Sort of a take on the "mansplaining" that women get sometimes on subjects like mechanical matters, or sports...
When you're in some social situation with others (NTs) and one of them responds in an oblique way (you know, that "up to 93% of communication is unspoken" cliche...) to something you've said or done (or omitted to do on cue), then peers notice that confounded look on your face as you're like "hmm, I know there's something beyond the actual words as to this person's feeling, but I can't quite put my finger on it" - then some random NT peer chimes in "he/she said that because he/she thinks you're cheap / you could help them carry that stuff in their house / because she just had a big fight with her boyfriend and you started talking about a random topic you like" etc. etc...

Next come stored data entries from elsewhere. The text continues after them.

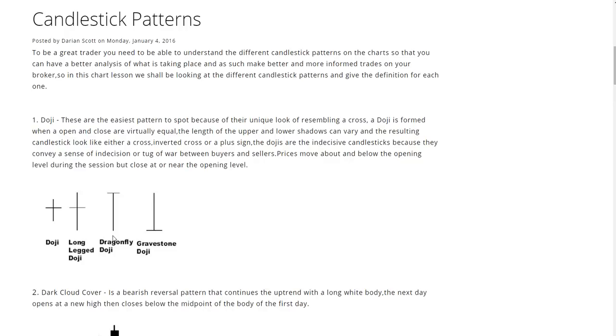Now the first one is a very common one, it is a doji. The dojis are the easiest pattern to spot because of their unique look of resembling a cross. A doji is formed when open and close are virtually equal, the length of the upper and lower shadows can vary.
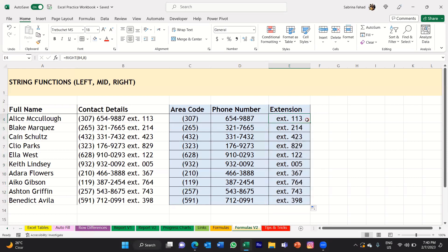That's how you use the LEFT, MID, and RIGHT string functions to extract pieces of text from a long text string. I hope that's been helpful. If it has, please do like and share the video so it can reach more people, and do consider subscribing so you don't miss out on any new videos. Thank you so much for watching, and I will see you in the next video.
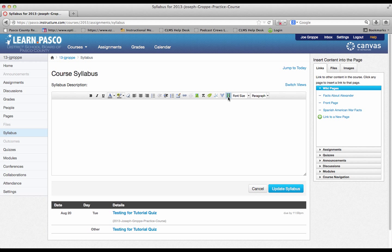You can add videos, pictures, links, and tables, just like any word processing software such as Word.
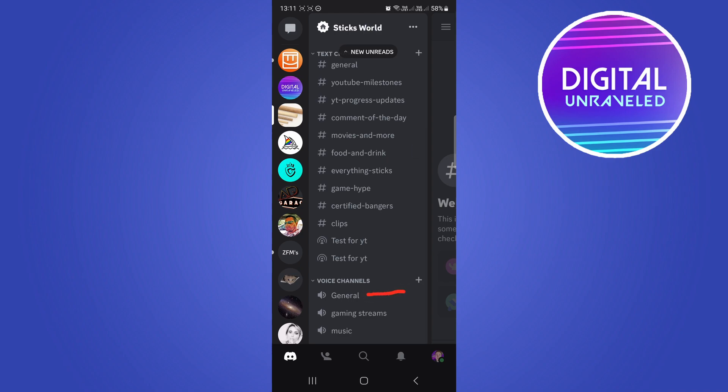So you can see in this server there's three voice channels. So what I can do is I can just go for an example into the general channel. All you have to do to join this VC is to simply tap on it once.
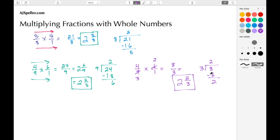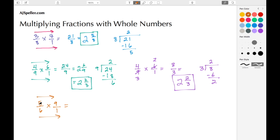Let's move on to another example. This time let's multiply 5/6 times 9. It's understood that 9 has a denominator of 1. We multiply straight across: 5 times 9 is 45, and 6 times 1 is 6. Again we have an improper fraction.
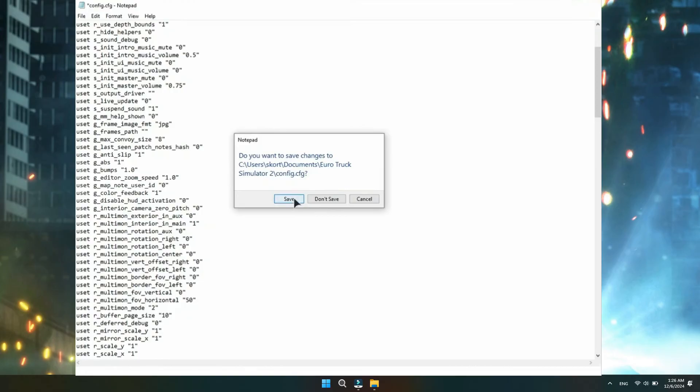So that's basically how you can set up dual monitors in Euro Truck Simulator 2. That's all for this video. Consider subscribing if you find it helpful, and I'll catch you in the next one.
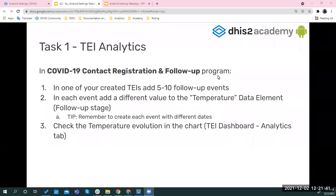Okay, so in this session, you're going to work on two different tasks. The first one is about TEI analytics.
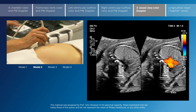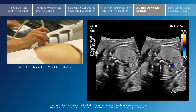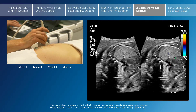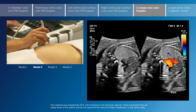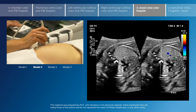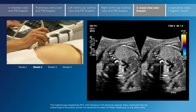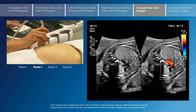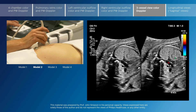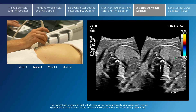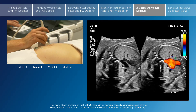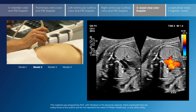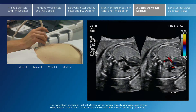As we continue superiorly, we continue to see the aortic arch but begin to lose the ductal arch, because the true aortic arch is just superior to the ductal arch.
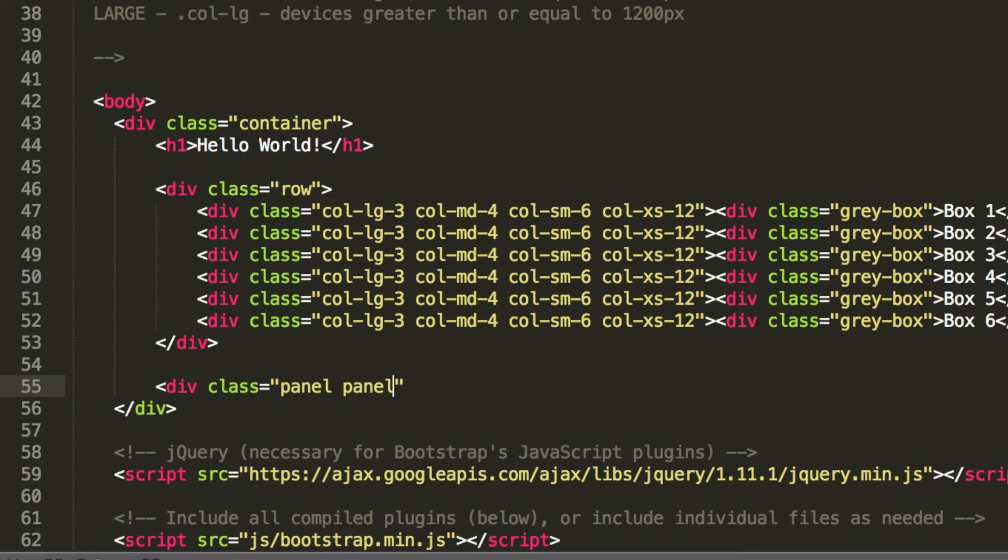Again, this is all styled by default using Bootstrap, so we don't exactly add any CSS, just add classes.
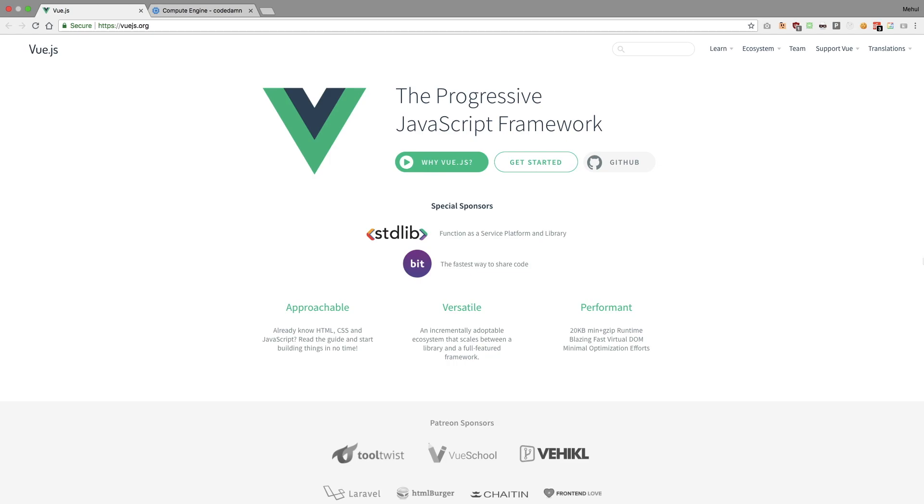And all that basic stuff. So make sure if you're starting this web series, you're well equipped with all that stuff, right?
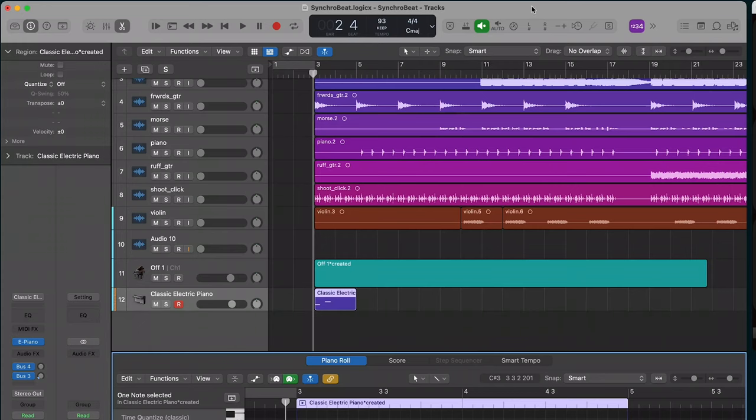I'm using Logic Pro, a digital audio workstation by Apple. It's a virtual recording studio.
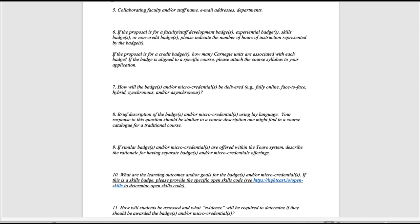Question 10 asks what are the learning outcomes or goals for your badge — the types of things you would put in a syllabus for learning objectives. In the case of a skills badge, make sure you include the specific open skills code from the open skills database; there is a separate video on how to determine that code. Question 11 asks how students will be assessed, or what evidence they will need to provide to be awarded the badge or micro-credential. Think about how you would describe the evaluation or assessment portion of a credit course, with a level of detail similar to what one might find in a syllabus under the evaluation and assessment category.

Funny thing is, some of the time I knew very close to or exactly what the underlying sentiment was, but I still got "NT-splained" - maybe it's because I was lacking the "passmark" to be regarded as within the normal range of NT-ness, so they felt compelled to "NT-splain", or it might have been deliberately rude condescension, or both - who could say
I mostly got this in my late teens and twenties, and it gradually subsided by taking a multi-disciplinary/pronged approach to the problem.
But even before my diagnosis with Aspergers at 2001, I had the presence of mind to couch it in a little white lie, by responding to the NT-splaining with a pat phrase like "yyyeeahhh...I sort of sensed that was the case , but I couldn't tell for sure" or "oh, no, that's...what I thought - but...it wasn't a pleasant or palatable thought, oh man..." (then appear ashamed).
One time in the early 90s when I was starting uni/college, we went to some pub patio and being a poor freshman student, I paid for my lunch and left a bit of a tip, just 75 cents on some $8 bill some of which was paid for in quarters and loonies (in Canada, that's a $1 coin) telling the waitress what I'd given to be helpful and her reply was "Yes, I can count." After I turned to another older student with a bewildered look, he said to me "she thinks you were cheap because you gave her coins." - my literal thinking that money is money is money, and it's not like I gave it to her in nickels or pennies, I mean seriously??! !? And yes the tip was just short of 10%, but I'm a poor student... it was in a student ghetto area...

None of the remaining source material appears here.